April 13, 2023 — After decades of public scrutiny, legal battles, and many regulatory changes that constricted the fishery, large-mesh drift gillnets for swordfish in California will be phased out by 2027. Deep-set buoy gear, now being employed under federal exempted fishing permits, is set to become the primary method to harvest swordfish off the California coast, with harpoons continuing as a supplemental fishery.
After years of debate and with plenty of bad blood some between primary stakeholders, there is one thing the fishing industry, fisheries managers, and environmental groups agree on: There will be less bycatch from catching swordfish, but unless new technology can be scaled up there will also be less swordfish landed out of California ports.
“It’s not a replacement fishery for large mesh drift gillnets,” says Chugey Sepulveda of deep-set buoy gear. Sepulveda is director and senior scientist at the Pfleger Institute of Environmental Research and is the person who first developed deep-set buoy gear in the Southern California Bight. The buoy gear “was brought online to capitalize/augment the existing harpoon fishery, which supports a market that receives a higher price-point for its catch.”
Deep-set buoy gear has shown to be effective at catching swordfish efficiently with minimal bycatch, yielding a higher market price per pound, but Sepulveda and fishermen currently using the gear under federal exempted fishing permits say it was developed for smaller boats and doesn’t yield the volume of fish needed to cover the costs of larger vessels.
Furthermore, bycatch was still part of the catch for drift gillnets. Fishermen using large mesh drift gillnets earned additional income from retained thresher shark, louver, and other species, that will be lost with deep-set buoy gear.

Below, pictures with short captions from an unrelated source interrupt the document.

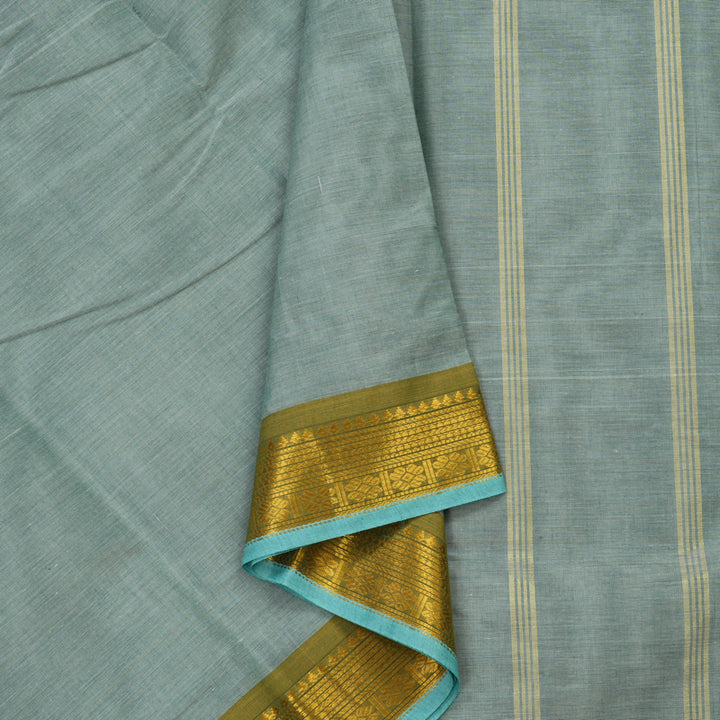 Hayagrivas Handloom Pure Cotton saree in Mint Blue HBE87D1-2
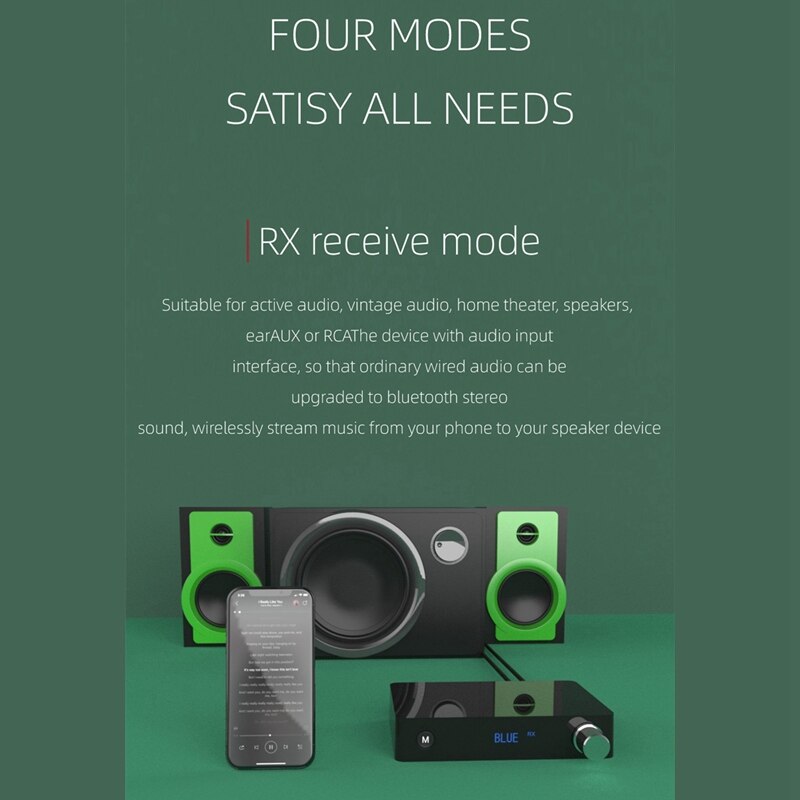 Bluetooth- 5.0- adapter mit digitalanzeige, bluetooth-sender und -empfänger, ,3.5mm aux- und rca-ausgänge, wiedergabe von usb-sticks und tf-karten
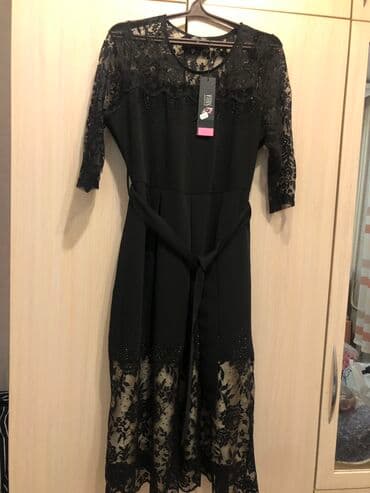 стильные модные платья больших размеров: Абсолютно новое очень красивое черное платье, Турция. 48-50 размер — 1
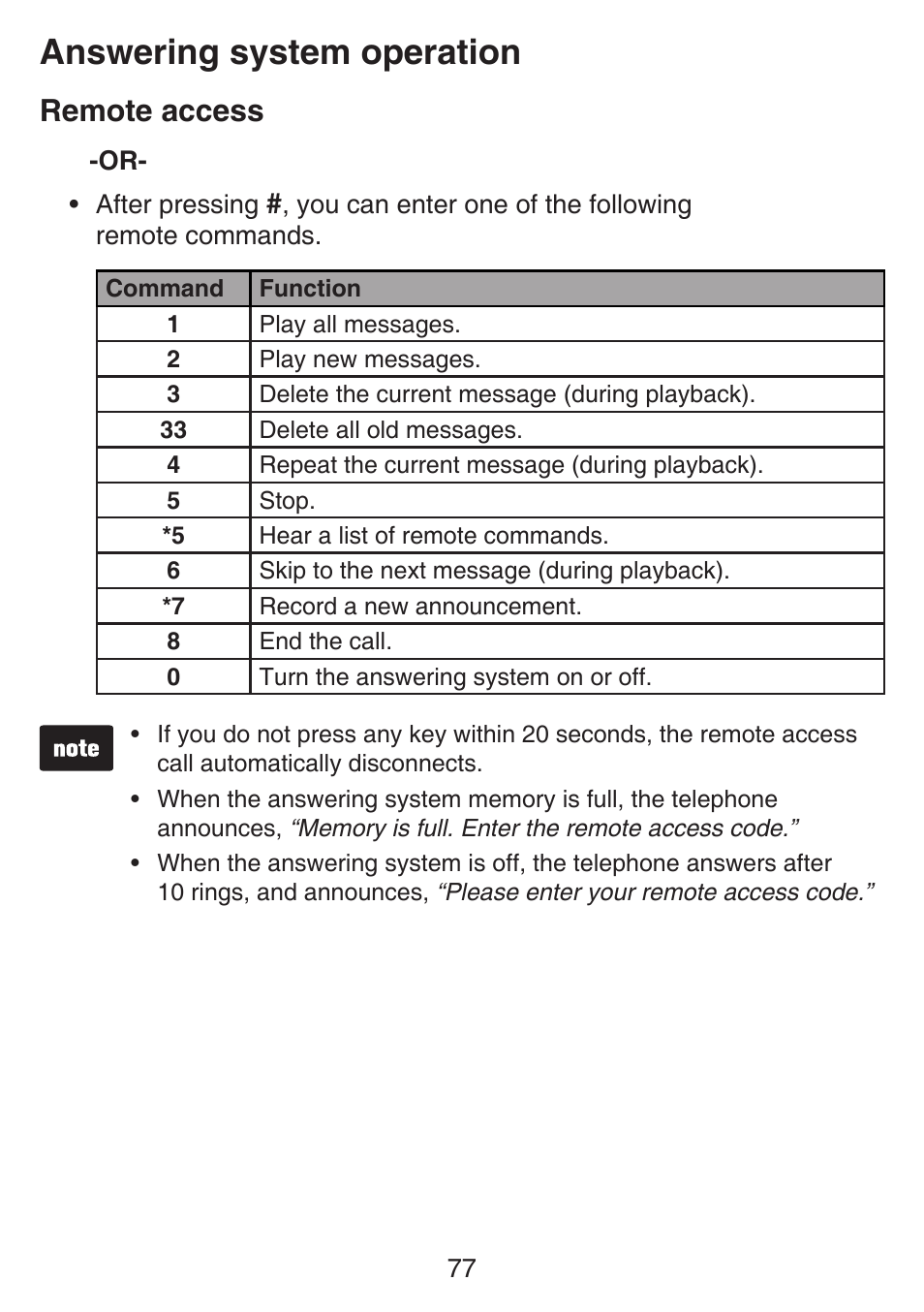 Answering system operation, Remote access | VTech SN6127_-2 Manual User Manual | Page 83 / 116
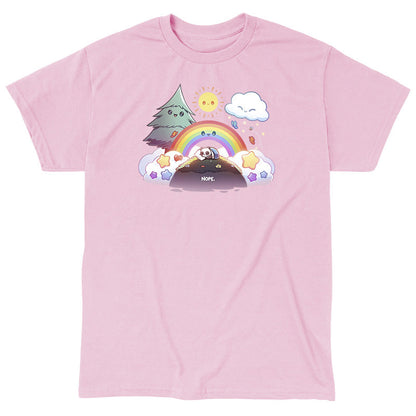 Classic Cotton T-shirt_TeeTurtle light pink Nope Panda apparel featuring a panda on a hill curled up in a blanket with a happy tree, rainbow, cloud, and sun waiting for it to wake up.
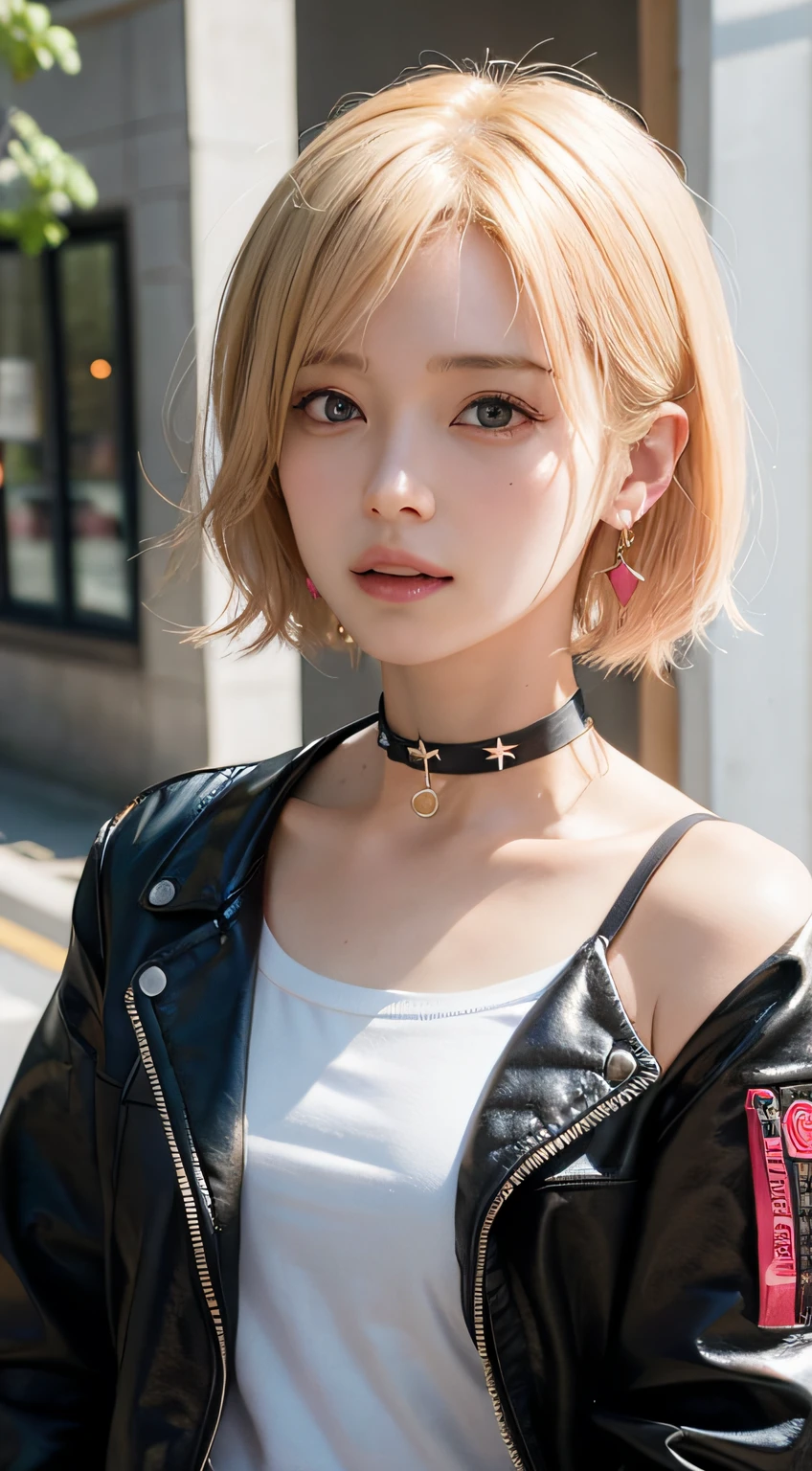 (masutepiece, Best Quality:1.5), (punk, Black Short Riders Jacket, Long sleeve, Choker, Street, Looking at Viewer, Close up face:1.3), Blonde short hair, (violaceaess, gardeniass, Delicate girl, Sophisticated, 8K, 85mm Portrait, Official art, Raw photo, absurderes, Large breasts, Cinch West:0.8), Smile, (Red Shirt, earrings, redish pink lips:1.0), (face lights, clear lighting, cinematic shadow, Sharp Focus:0.8), Bokeh background, Eyes and faces with detailed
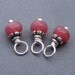 Wire Wrapped Faceted Raspberry Sherbert Czech Glass Dangles with Petite Bead Caps 5mm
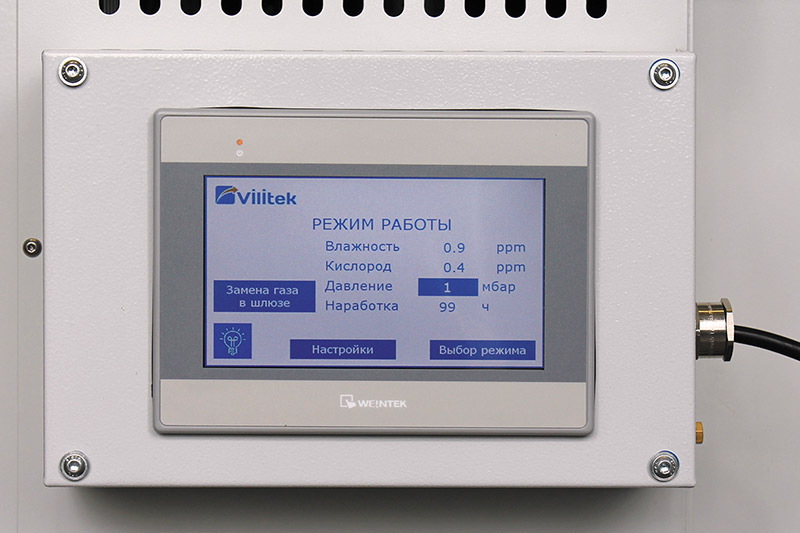 Сенсорный блок управления системой газовой очистки VILITEK VPURE и боксом VBOX PRO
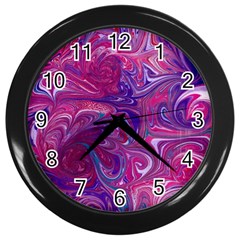 Painted Feathers Wall Clock (black) by kaleidomarblingart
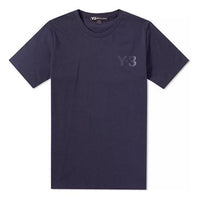 Men's Y-3 Solid Color Logo Printing Round Neck Short Sleeve Blue CY6939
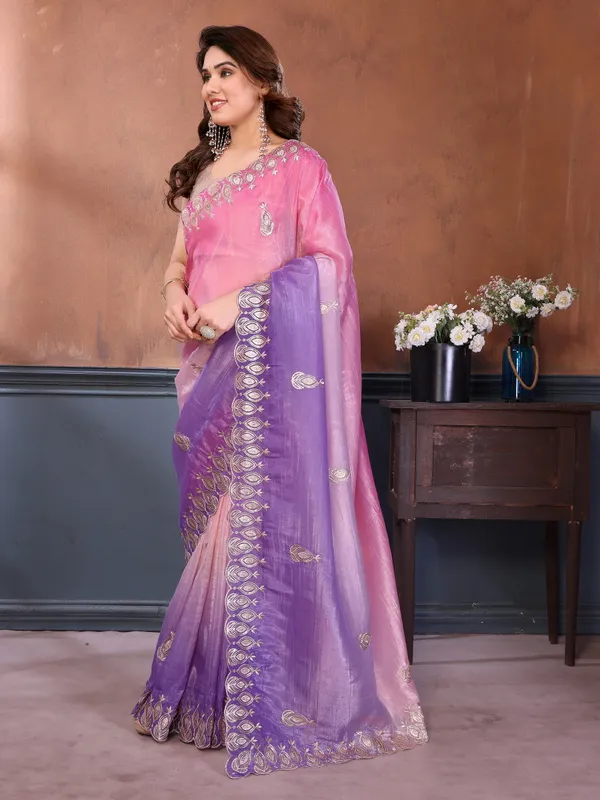 Gold_Crush_Silk_Saree_with_Padded_Embroidery_Work_&_Embroidered_Border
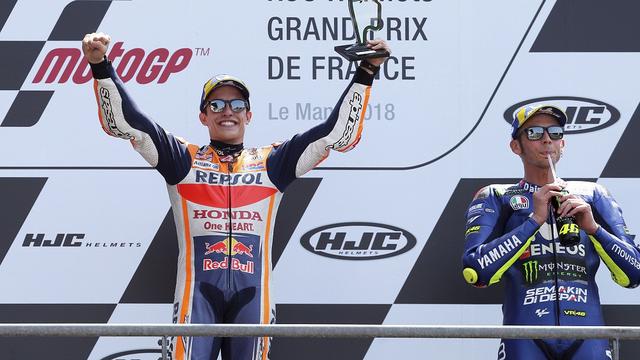 Yamaha, Valentino Rossi (kanan) dan rider Repsol Honda, Marc Marquez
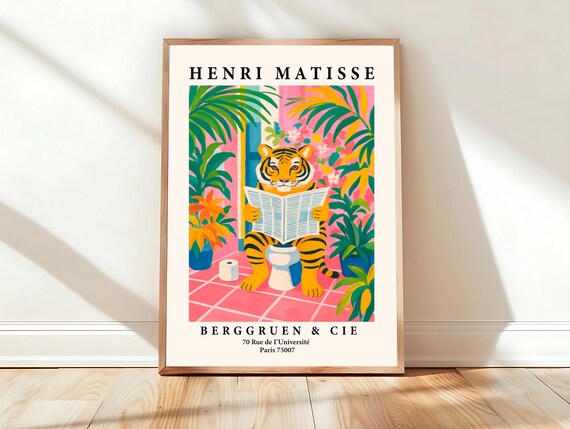 Tiger Reading Newspaper on Toilet Matisse Style Funny Animal Poster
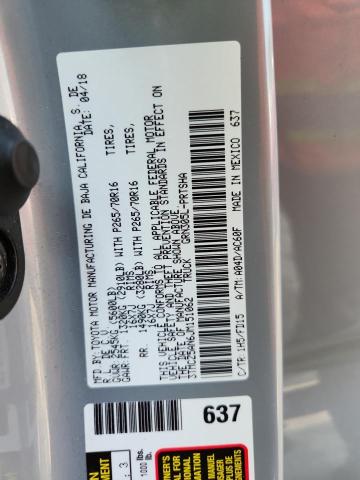 3TMCZ5AN6JM151062 - 2018 TOYOTA TACOMA DOUBLE CAB SILVER photo 12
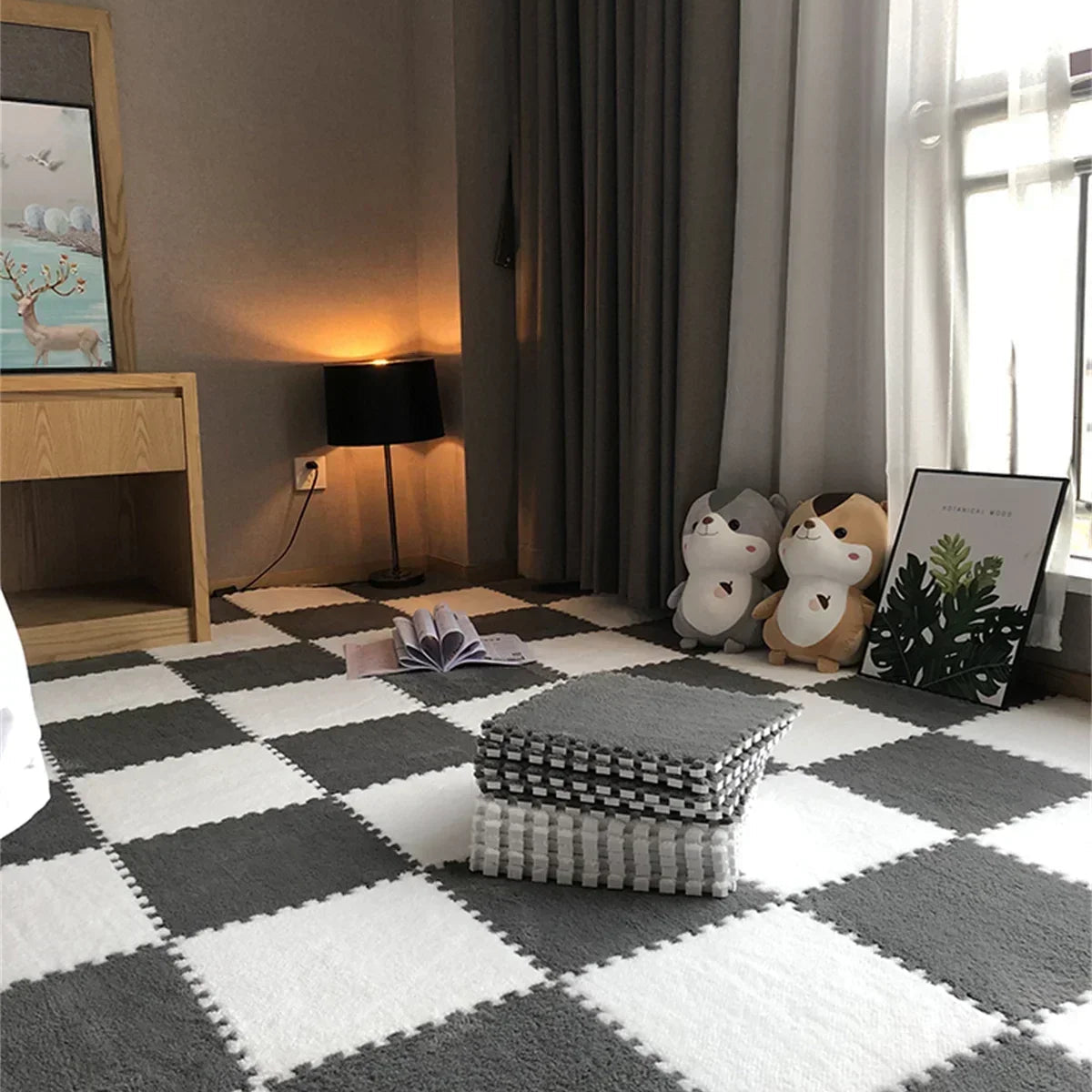 Soft and Safe Puzzle Mat for Babies – Plush Anti-Shock Play Mat for Living Room and Bedroom - Loovy #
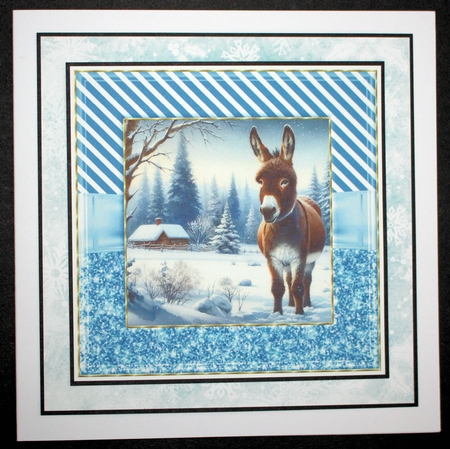 3 Blue frames Christmas donkey card fronts 1 by Marion Kimberley-Scott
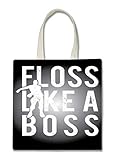 Floss Like A Boss Printed Tote Bag, 14.5x15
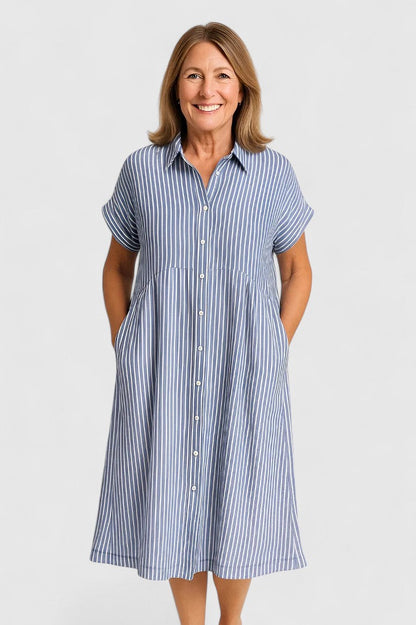 Cielo | Midikleid mit Knöpfen und geradem kurzem Ärmel  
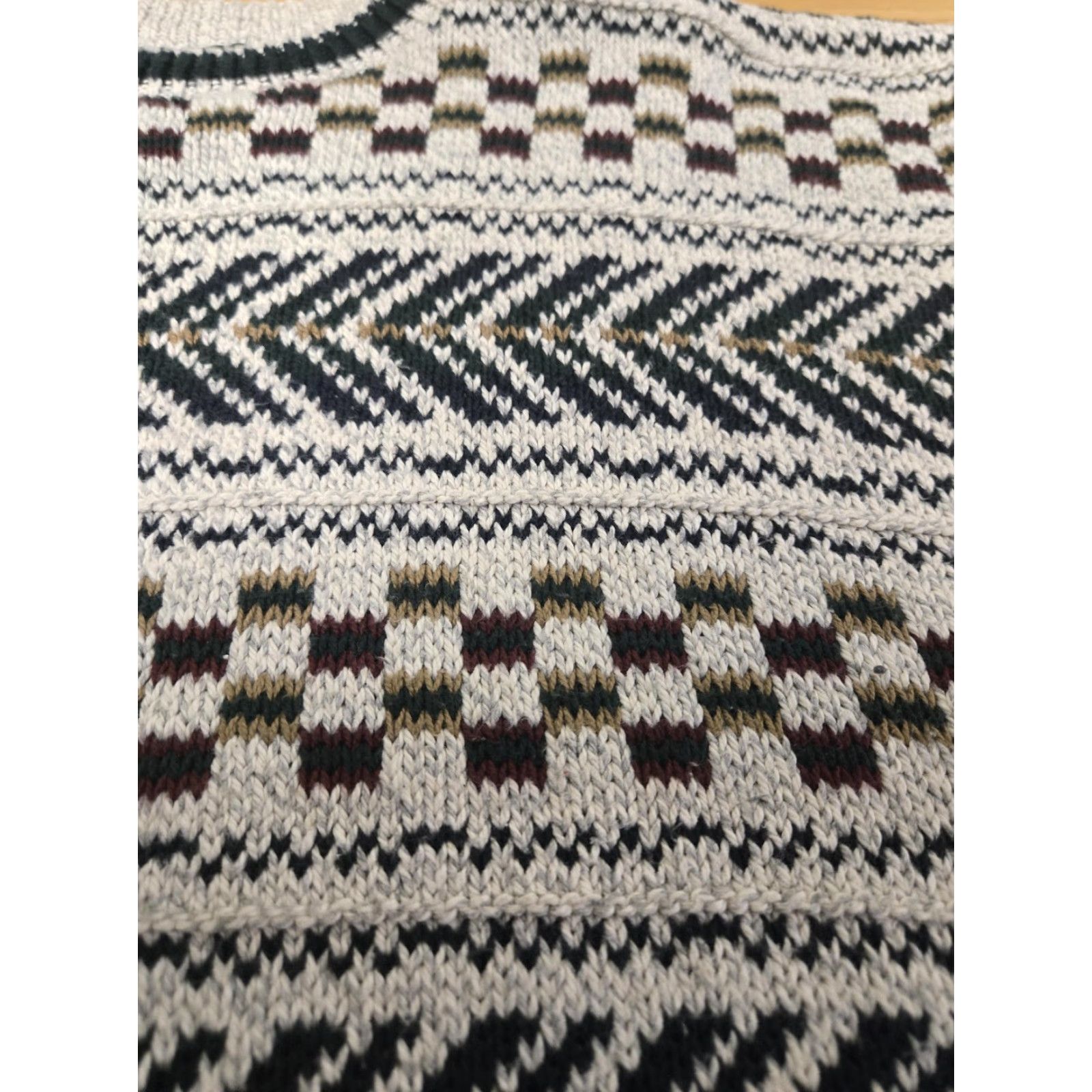 Vintage VINTAGE R&R Casuals Sweater Mens XL Cream Geometric Knit Cotton Crew Neck Pullover USA 90s Mens Size US XL / EU 56 / 4 - 4 Thumbnail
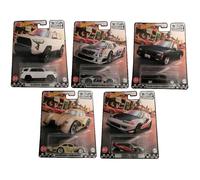 Mattel GJT68 Hot Wheels Premium Set de 5 Real Riders Boulevard Toyota, Mercedes, Nissan, VW Beetle, Honda, modèles de véhicules,
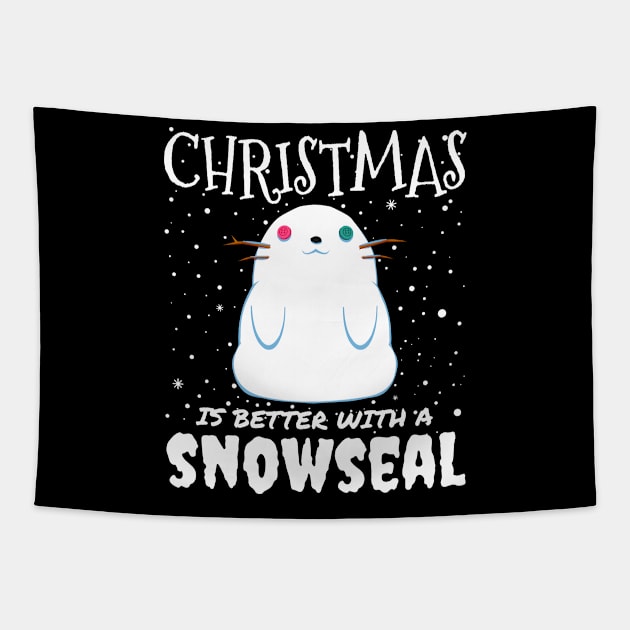 Christmas Is Better With A Snowseal - Christmas cute snow seal gift Tapestry by mrbitdot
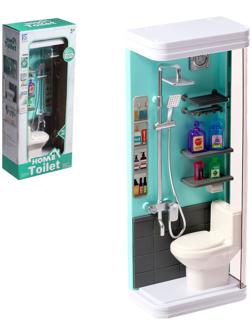 Набор мебели для кукол «Уборная», душ, унитаз, цвет зелёный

Deep-set buoy gear consists of a vertical mainline around 150 fathoms in length with a flagpole outfitted with a light or radar reflector at the surface and a heavy sinker to keep the line anchored vertically. Attached to the mainline are typically 1 to 3 circle hooks with a light attached to shine below the thermocline at 20-70 meters (65 to 230 feet) in California waters. The gear is also designed to be actively tended with strike indicators at the surface to alert fishermen when a fish is on.